Where is our economy going? Let’s ask some folks whose job it is to forecast the future of the U.S. economy. How about looking at three forecasts – one from government economists, one from academic economists, and one from business economists.
The Congressional Budget Office (CBO) updated its economic forecast in July. The CBO is responsible for projecting federal revenues and costs for Congress, and the CBO needs a picture of the future of the economy to do that. If these folks are wrong, it has consequences for national policy.
The Research Seminar on Quantitative Economics (RSQE) is run by specialists at the University of Michigan. It puts out a new forecast in August. The RSQE has been doing forecasts for almost 70 years, and its professional reputation depends on getting it right.
The Philadelphia Federal Reserve surveys business economists about their economic forecasts and publishes the averages. It surveyed 36 economists in August. If business economists aren’t right at least some of the time, they don’t get paid!

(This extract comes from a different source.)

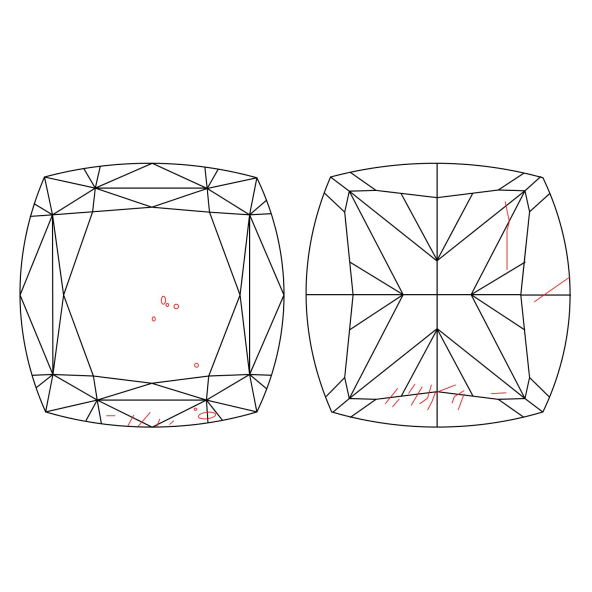 Inkluzie a cistota v prirodnom farebnom diamante cushion fancy dark tmavo žltkasto hnedý 2.10 ct SI2 3828440093_T9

We have three respectable sources with recent forecasts, all with incentives to be right. Best of all, their forecasts are available on the internet for free. Search CBO, RSQE or “Philadelphia Fed economic forecast” and you’ll find them.
Real gross domestic product (GDP) grew 6.6% in the second quarter, which is very fast, but the delta variant is scaring consumers and keeping workers at home. Will our recent rapid growth continue, or will the resurgence of COVID slow things down?
All three forecasts point to growth. The CBO says real GDP will grow 6.7% in 2021, RSQE says 5.8%, and the business economist survey averages 6.1%.
Growth also will be rapid in 2022, they say, ranging from 4.1% to 5.0%. Only in 2023 will growth rates drop to the 2% range, like we had through most of the 20-teens.
We’ve been growing rapidly, but we’re not back where we want to be. The unemployment rate was still 5.2% in August, despite all the job openings. When will the unemployment rate drop below 4%, where it was before the pandemic crashed the economy?
Our forecasters disagree on that one.
The CBO thinks it will happen in 2022 when it says the unemployment rate will be 3.8%. The business economists say it won’t fall below 4% until 2023. The RSQE has the unemployment rate above 4% in 2023, and it doesn’t show a forecast for 2024. We can’t tell if that answer to the below-4% question is “later” or “never.”
The 12-month inflation rate was 5.2% in August – higher than it’s been in decades. Will the current high inflation be temporary, or is it the beginning of another Great Inflation, like in the 1970s?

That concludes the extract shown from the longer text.